Служебные покои архимандрита напоминали хорошо и со вкусом обставленную европейскую библиотеку. Здесь царили изящество, роскошь и уют. Все предметы интерьера гармонировали друг с другом, подчеркивая требовательность ее обитателя к комфорту и его высокую культуру. Мягкий и теплый полумрак, разрывается тусклым красным светом, льющимся от старинной бронзовой лампы в виде изящной свечи, стоящей на столе. Вдоль стен от пола до потолка возвышались добротные резные стеллажи из красного дерева со старинными фолиантами и рукописями.

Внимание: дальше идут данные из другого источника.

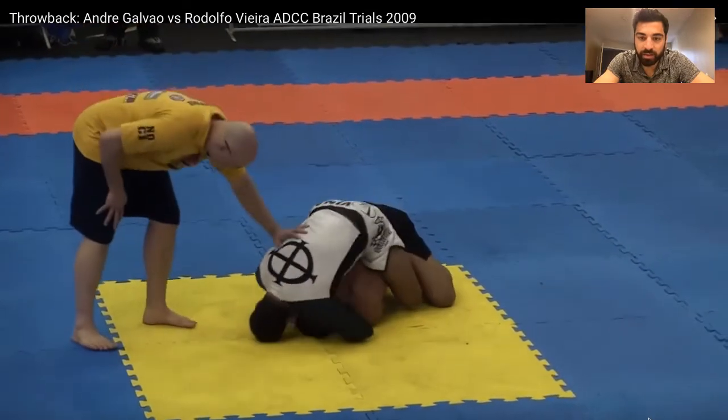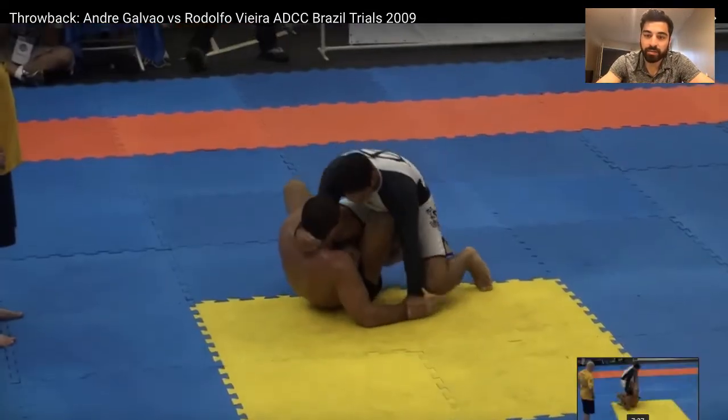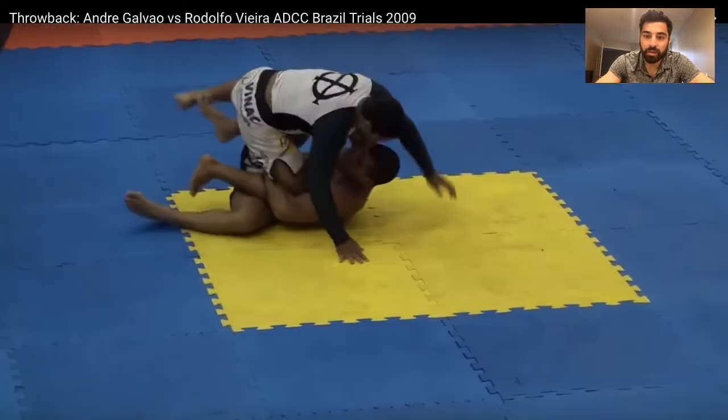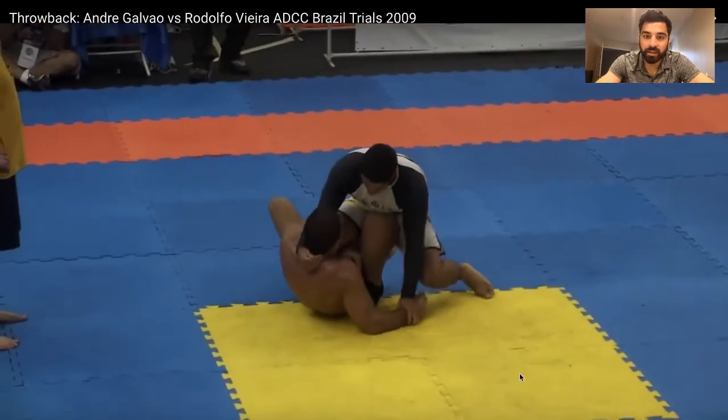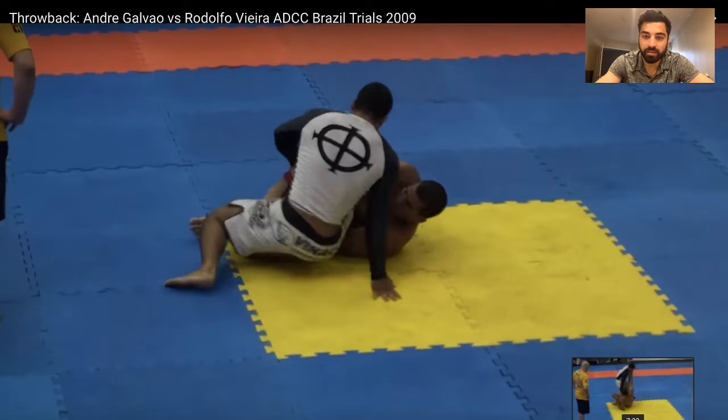Let's break this down. There are some key things I'm seeing here. Right here — pause — see how Galvao has this wrist control, trapping the hand to the floor. How did he create that situation? Because that's not easy to do. Galvao's jacked; you can't just pin someone's wrists to the floor. So let's go back and look at the baits and traps Galvao is setting.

В правом углу у окна стояла большая русская печь, красиво выложенная разноцветной яркой мозаикой. У окна – массивный письменный стол со стопками книг, письменным малахитовым прибором с двумя чернильницами.
Слева – красивая резная деревянная кровать с высокой спинкой.
Шаркая ногами и потирая поясницу, архимандрит подошел к столу и прибавил свет в лампе. Потом аккуратно надломил печать и развернул указ. Отодвинув от глаз бумагу, прищурил глаза и замер, вчитавшись:
«Никого из иноземцев не следует допускать до патриарха, и также никого без лишней надобности и росписи не допускать… А на стол ему подавать каждый день семгу, белую рыбу, икру паюсную и осетровую, блюда из осетрины и белужины, по два блюда пирогов, щуки и по две ухи разных переменяясь, калач крупитчатой, а из питья выдавать на день кружку меду вишневого или малинового, кружку меду боярского, кружку квасу медового, полведра меду паточного, ведро меду княжьего…»
Архимандрит задумчиво хмыкнул. Потом обернулся к Мышецкому.
– Государь считает иерусалимского патриарха дитем малым, требующим за ним строгого пригляда. Царский указ – закон. Будь спокоен, Ефимий, исполним все, как велено, – он взял со стола колокольчик и позвонил.
Спустя несколько мгновений за дверью послышалось выжидательное, и нетерпеливое постукивание.
– Войди, Терёнушка, – ласково сказал Кирилл своему келейнику и верному помощнику в монастырских хозяйственных делах. Дверная створка приотворилась, и в неё юрко просунулась черноволосая и аккуратно прилизанная голова Терентия Благого.
– Чего изволишь, батюшка?
– Распорядись от моего имени келарю, выдать для стрельцов постели в количестве… – архимандрит запнулся и вопросительно взглянул на Мышецкого.
– Тридцати штук, – подсказал тот.
Кирилл утвердительно кивнул головой:
– Тридцати штук. А дальше вели пекарю увеличить блюда в таком же количестве. Проследи, чтобы это меню подали мне на утверждение. И отведи князя Мышецкого в келью в половине для гостей, чтобы он мог отдохнуть, – распорядившись, архимандрит вежливо и учтиво улыбнулся Мышецкому.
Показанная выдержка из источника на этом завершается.